Regarding China's national development, the Resolution repeats the Communist Party's commitment to "encourage, support, and guide" the private sector and states that the Communist Party has also "prompted state capital and state-owned enterprises to grow stronger, better, and larger" and describes the public sector as increasingly "competitive, innovative, risk-resilient, and capable of exerting a greater level of influence and control over the economy."

The Resolution addresses the elimination of absolute poverty in China, building of moderately prosperous society, and progress towards common prosperity and the China Dream.

The document for the first time credited Xi as being the "main innovator" of Xi Jinping Thought. The document declares Xi's leadership as being "the key to the great rejuvenation of the Chinese nation". In comparison with the other historical resolutions, Xi's one did not herald a major change in how the CCP evaluated its history.
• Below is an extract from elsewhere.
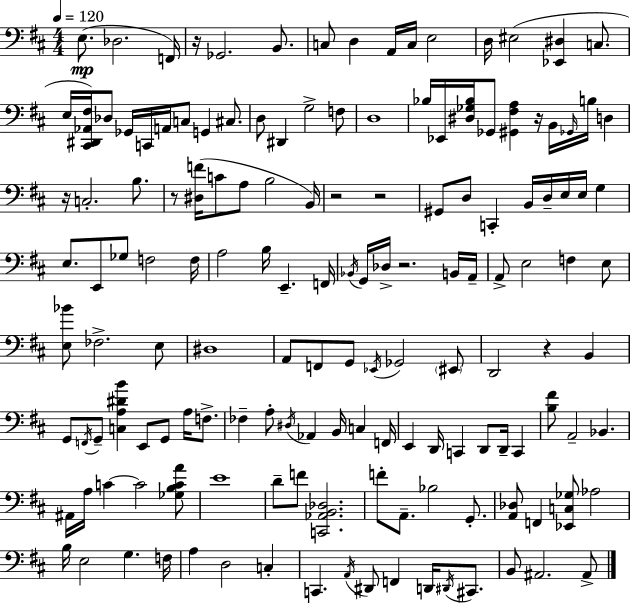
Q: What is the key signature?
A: D major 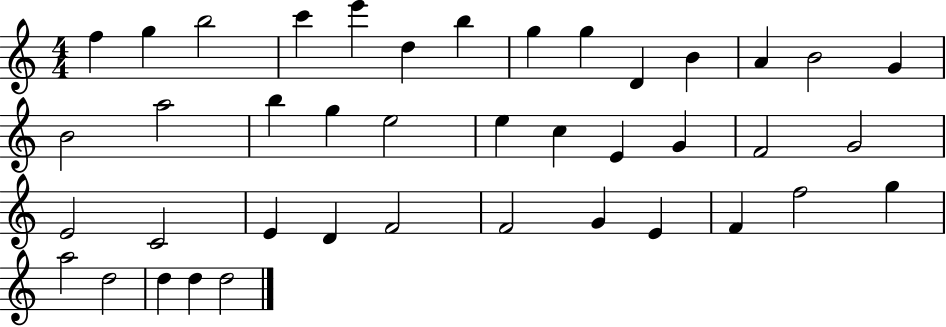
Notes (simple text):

F5/q G5/q B5/h C6/q E6/q D5/q B5/q G5/q G5/q D4/q B4/q A4/q B4/h G4/q B4/h A5/h B5/q G5/q E5/h E5/q C5/q E4/q G4/q F4/h G4/h E4/h C4/h E4/q D4/q F4/h F4/h G4/q E4/q F4/q F5/h G5/q A5/h D5/h D5/q D5/q D5/h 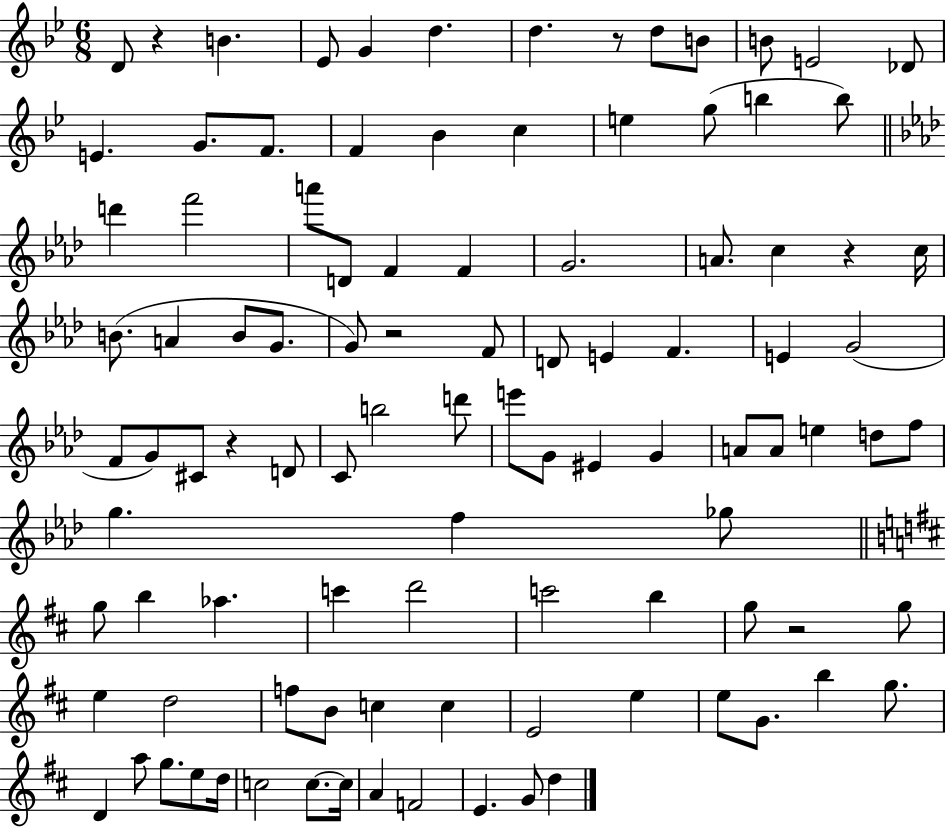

To accompany the historical resolution, the CCP promoted the terms Two Establishes and Two Upholds, calling the CCP to unite around and protect Xi's core status within the party.

The document addresses two answers to escaping China's historical cycles of dynastic rise and falls. The first answer was given by Mao Zedong in 1945, who said "It is called democracy. As long as the public maintains their oversight of the government, the government will not slacken in its efforts". The second answer is self-revolution, a concept coined by Xi in 2015.

In the section on "Driving Cultural Advancement," the resolution describes socialist culture and national solidarity having increased since Reform and Opening Up, but warns that "misguided ideas have often cropped up, such as money worship, hedonism, ultra-individualism, and historical nihilism".

Regarding regulation of the internet, the resolution states:

The Party puts heavy emphasis on developing and creating new means of communication. It has [promoted integrated development of media, and worked to strengthen the penetration and credibility of media and its ability to guide and influence. The Central Committee has made it clear that failure in the cyberspace domain will spell disaster for the Party's long-term governance. The Party therefore attaches great importance to the Internet as the main arena, battleground, and frontline of the ideological struggle. It has improved the leadership and management systems for the Internet, regulated the cyberspace according to the law, and strived to foster a clean online environment.

The Resolution states that China's "continued success in adapting Marxism to the Chinese context and the needs of our times has enabled Marxism to take on a fresh face in the eyes of the world, and significantly shifted the worldwide historical evolution of and contest between the two different ideologies and social systems of socialism and capitalism in a way that favors socialism."